Dataset items:
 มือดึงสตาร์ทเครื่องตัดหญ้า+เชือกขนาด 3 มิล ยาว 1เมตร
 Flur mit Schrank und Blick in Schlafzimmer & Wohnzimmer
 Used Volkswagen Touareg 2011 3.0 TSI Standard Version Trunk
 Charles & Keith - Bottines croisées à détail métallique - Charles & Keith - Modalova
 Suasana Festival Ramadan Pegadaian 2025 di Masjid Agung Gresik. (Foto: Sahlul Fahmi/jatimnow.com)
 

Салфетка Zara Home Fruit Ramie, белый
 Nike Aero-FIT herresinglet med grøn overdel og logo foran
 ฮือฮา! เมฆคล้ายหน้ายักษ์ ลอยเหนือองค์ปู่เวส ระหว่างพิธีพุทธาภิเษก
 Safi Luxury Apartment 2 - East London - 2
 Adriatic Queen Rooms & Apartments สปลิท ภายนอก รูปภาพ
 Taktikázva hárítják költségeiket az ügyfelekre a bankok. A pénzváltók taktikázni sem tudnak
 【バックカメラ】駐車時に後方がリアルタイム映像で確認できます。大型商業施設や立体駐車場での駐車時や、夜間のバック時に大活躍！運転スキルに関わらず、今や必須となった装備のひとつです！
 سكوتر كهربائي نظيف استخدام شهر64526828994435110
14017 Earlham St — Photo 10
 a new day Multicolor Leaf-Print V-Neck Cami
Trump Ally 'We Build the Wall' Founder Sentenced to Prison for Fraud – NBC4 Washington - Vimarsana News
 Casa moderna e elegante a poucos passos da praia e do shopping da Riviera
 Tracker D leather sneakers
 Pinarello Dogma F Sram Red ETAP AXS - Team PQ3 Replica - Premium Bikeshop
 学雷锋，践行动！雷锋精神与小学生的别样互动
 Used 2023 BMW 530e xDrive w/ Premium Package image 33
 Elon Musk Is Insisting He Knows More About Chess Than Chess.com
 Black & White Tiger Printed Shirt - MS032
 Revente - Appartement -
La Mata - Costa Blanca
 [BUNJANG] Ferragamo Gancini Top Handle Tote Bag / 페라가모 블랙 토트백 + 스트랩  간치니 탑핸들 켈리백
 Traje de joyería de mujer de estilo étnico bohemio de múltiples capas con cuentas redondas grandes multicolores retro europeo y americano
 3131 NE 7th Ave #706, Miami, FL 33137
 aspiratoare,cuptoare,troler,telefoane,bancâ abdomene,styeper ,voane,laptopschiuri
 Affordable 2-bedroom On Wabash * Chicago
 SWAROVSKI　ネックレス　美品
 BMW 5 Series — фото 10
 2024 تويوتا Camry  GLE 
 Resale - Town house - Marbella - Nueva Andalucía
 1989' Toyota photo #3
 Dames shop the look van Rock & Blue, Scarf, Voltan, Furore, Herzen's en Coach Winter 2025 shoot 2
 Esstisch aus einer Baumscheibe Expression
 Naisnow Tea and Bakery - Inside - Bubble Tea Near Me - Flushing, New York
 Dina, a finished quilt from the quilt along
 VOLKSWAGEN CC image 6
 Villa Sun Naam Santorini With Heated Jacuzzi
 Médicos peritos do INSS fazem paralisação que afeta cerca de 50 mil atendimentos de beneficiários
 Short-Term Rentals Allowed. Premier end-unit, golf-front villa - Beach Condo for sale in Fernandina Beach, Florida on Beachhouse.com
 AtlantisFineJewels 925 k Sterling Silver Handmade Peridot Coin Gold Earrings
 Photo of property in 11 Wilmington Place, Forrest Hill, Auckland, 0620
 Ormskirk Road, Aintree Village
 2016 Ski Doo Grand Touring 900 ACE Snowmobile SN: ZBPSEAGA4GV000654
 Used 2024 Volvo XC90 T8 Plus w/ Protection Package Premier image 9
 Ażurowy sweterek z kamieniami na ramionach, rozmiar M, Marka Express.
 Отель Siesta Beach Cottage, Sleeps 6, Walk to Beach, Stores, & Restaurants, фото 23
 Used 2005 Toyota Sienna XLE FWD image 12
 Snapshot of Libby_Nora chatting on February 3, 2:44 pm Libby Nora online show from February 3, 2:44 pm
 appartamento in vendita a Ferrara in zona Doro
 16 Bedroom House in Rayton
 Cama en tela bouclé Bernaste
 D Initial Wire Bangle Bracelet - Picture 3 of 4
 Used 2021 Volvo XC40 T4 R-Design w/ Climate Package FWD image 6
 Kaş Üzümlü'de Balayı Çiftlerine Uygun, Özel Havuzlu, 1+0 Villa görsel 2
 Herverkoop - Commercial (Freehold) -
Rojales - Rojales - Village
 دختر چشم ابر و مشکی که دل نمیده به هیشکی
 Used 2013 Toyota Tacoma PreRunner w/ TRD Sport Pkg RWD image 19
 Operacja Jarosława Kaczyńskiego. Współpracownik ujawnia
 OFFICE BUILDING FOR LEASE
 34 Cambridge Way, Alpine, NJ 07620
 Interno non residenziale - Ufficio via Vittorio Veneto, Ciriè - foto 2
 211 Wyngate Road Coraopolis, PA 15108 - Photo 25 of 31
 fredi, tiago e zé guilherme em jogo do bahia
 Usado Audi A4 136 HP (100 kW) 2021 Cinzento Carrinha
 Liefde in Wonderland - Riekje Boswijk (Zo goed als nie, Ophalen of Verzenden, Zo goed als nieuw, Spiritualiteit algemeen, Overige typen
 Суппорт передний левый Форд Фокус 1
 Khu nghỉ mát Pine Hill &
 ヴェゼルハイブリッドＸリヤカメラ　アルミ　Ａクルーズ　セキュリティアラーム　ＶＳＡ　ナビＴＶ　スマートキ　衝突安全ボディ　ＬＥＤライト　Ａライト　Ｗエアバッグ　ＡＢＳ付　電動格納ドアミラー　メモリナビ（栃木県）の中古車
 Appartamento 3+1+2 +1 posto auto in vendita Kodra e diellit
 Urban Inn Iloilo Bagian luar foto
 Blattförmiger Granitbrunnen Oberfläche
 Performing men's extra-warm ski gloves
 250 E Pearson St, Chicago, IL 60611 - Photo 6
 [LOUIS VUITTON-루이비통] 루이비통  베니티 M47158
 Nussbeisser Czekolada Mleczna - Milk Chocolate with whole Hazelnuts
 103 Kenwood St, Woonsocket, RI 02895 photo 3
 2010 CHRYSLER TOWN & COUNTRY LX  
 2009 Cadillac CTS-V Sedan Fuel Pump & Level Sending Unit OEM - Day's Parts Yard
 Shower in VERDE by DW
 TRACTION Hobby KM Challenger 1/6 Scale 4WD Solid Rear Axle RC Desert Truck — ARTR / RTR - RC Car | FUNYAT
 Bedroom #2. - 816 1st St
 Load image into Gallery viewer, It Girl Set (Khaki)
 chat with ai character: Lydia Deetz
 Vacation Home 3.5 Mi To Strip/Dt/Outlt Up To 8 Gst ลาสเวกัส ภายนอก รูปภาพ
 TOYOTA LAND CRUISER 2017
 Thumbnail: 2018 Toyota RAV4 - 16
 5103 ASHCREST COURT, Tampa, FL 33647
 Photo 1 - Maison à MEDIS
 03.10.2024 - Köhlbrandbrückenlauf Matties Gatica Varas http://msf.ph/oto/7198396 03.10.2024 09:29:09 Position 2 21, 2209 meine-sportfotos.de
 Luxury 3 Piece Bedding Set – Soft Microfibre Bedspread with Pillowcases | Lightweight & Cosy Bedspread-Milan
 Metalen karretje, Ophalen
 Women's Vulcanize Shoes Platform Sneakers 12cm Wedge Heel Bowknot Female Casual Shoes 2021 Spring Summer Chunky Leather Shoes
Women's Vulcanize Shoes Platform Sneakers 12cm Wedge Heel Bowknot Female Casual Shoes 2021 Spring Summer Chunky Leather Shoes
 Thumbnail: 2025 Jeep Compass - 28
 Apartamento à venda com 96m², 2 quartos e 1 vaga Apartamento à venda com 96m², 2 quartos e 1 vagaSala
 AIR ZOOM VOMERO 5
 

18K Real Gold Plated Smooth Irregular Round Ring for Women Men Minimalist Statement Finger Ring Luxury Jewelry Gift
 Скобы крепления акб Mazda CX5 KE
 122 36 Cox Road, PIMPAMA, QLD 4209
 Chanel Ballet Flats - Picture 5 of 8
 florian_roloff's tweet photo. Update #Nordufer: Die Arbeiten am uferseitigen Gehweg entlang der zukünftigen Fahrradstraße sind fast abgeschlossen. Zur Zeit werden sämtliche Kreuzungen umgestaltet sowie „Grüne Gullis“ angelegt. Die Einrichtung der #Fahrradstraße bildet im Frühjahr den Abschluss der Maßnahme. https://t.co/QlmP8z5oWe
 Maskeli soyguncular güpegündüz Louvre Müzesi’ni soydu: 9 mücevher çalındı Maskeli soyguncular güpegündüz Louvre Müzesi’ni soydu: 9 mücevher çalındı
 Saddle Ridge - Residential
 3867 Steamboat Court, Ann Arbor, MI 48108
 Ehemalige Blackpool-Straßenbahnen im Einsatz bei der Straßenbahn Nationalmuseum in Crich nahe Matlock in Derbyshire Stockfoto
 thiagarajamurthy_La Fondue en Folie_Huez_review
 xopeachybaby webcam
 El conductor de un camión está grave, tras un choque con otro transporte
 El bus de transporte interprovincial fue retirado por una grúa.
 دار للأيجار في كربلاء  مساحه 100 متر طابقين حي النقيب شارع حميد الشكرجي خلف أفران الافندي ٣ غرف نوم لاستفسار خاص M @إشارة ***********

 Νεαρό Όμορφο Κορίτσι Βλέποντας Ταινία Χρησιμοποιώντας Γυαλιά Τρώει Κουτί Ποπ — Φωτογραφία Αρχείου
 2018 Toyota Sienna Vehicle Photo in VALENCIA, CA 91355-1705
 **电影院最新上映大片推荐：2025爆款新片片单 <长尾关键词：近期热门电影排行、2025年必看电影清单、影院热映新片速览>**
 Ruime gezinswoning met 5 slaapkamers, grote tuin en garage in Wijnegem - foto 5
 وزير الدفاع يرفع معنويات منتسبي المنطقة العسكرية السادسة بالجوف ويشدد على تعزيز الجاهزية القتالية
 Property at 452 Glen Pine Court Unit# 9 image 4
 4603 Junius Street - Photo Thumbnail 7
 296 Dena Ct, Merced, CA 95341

Task description = The expected answer is each line of the records above that includes the string "Used".

Task answer =
 Used Volkswagen Touareg 2011 3.0 TSI Standard Version Trunk
 Used 2023 BMW 530e xDrive w/ Premium Package image 33
 Used 2024 Volvo XC90 T8 Plus w/ Protection Package Premier image 9
 Used 2005 Toyota Sienna XLE FWD image 12
 Used 2021 Volvo XC40 T4 R-Design w/ Climate Package FWD image 6
 Used 2013 Toyota Tacoma PreRunner w/ TRD Sport Pkg RWD image 19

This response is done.